From sites to structure to serology: a roadmap for structure-aware molecular evolution of antigenically evolving viruses.

Journal: Journal of virology
Published Date:

Abstract

The genomic deluge has pushed viral molecular evolution into a site-resolved era. For antigenically evolving viruses such as influenza and severe acute respiratory syndrome coronavirus 2 (SARS-CoV-2), dense genomic sampling now supports mutation-annotated phylogenies and per-site estimates of mutation and substitution processes. These data highlight strong effects of sequence context, genomic region, RNA structure, and protein-level constraints that are blurred by classic uniform substitution models. In parallel, accurate structure prediction and emerging structure-aware phylogenetic and machine-learning approaches provide practical ways to map mutations onto three-dimensional constraints, identify structurally plausible escape routes, and interpret evolutionary rate variation through solvent exposure, packing, stability, glycosylation, receptor-binding interfaces, and epitope geometry. Finally, antigenic cartography translates some forms of genetic change into an epidemiologically meaningful phenotype-antigenic distance-while predictive modeling increasingly enables sequence-to-antigenicity inference for variants that have not yet been tested experimentally.

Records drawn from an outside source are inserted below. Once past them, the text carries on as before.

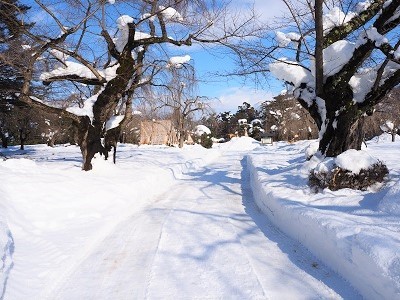 弘前公園冬景色と雪吊り頭飾り_2022.01.10撮影_d0131668_17354511.jpg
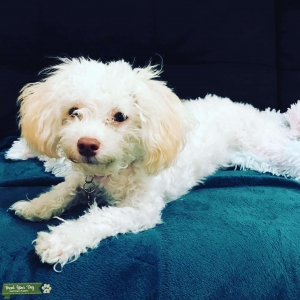 Maltipoo  Listing Image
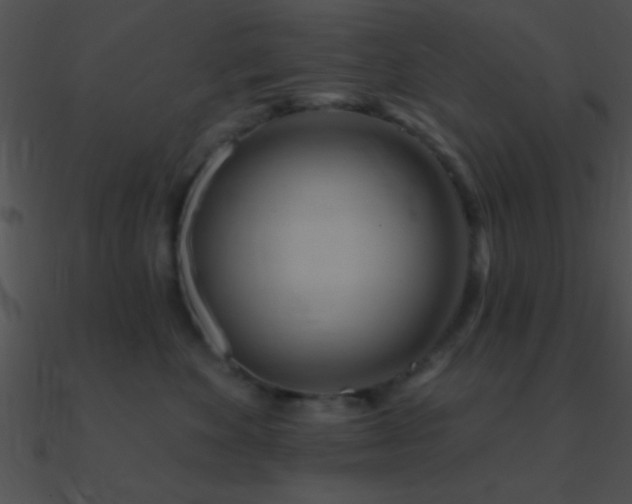 X0000090970524200708021440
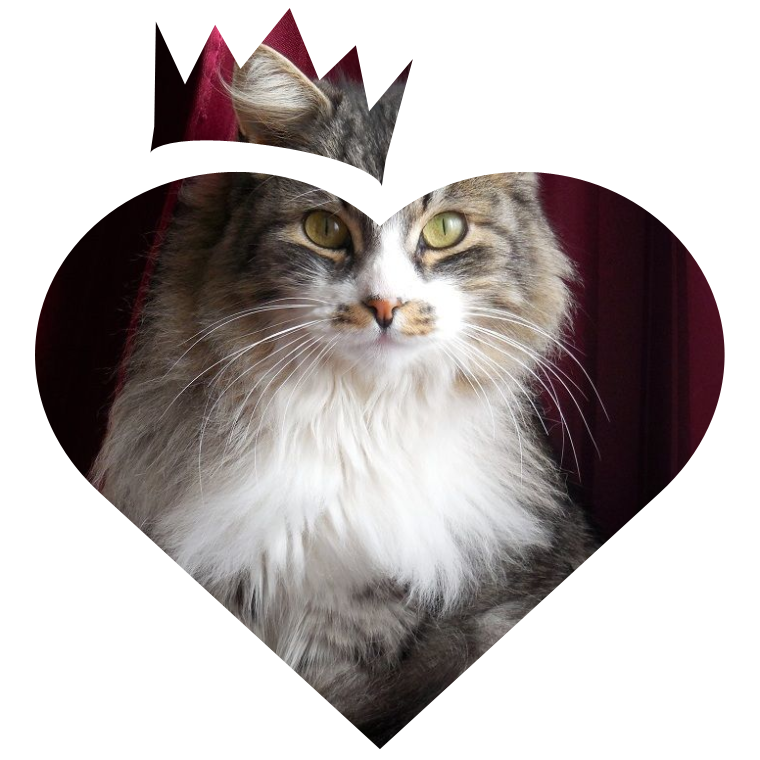 Wall-e of the moka1961 family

Here, we outline a practical framework linking sites, structure, and serology for viruses in which antigenic evolution is a major component of immune escape and lineage turnover; highlight why genetic and antigenic "clocks" can diverge; and discuss how integrating genomic surveillance data, phylogenetics, structural analysis, and predictive modeling could support more prospective variant assessment and improved vaccine and therapeutic design.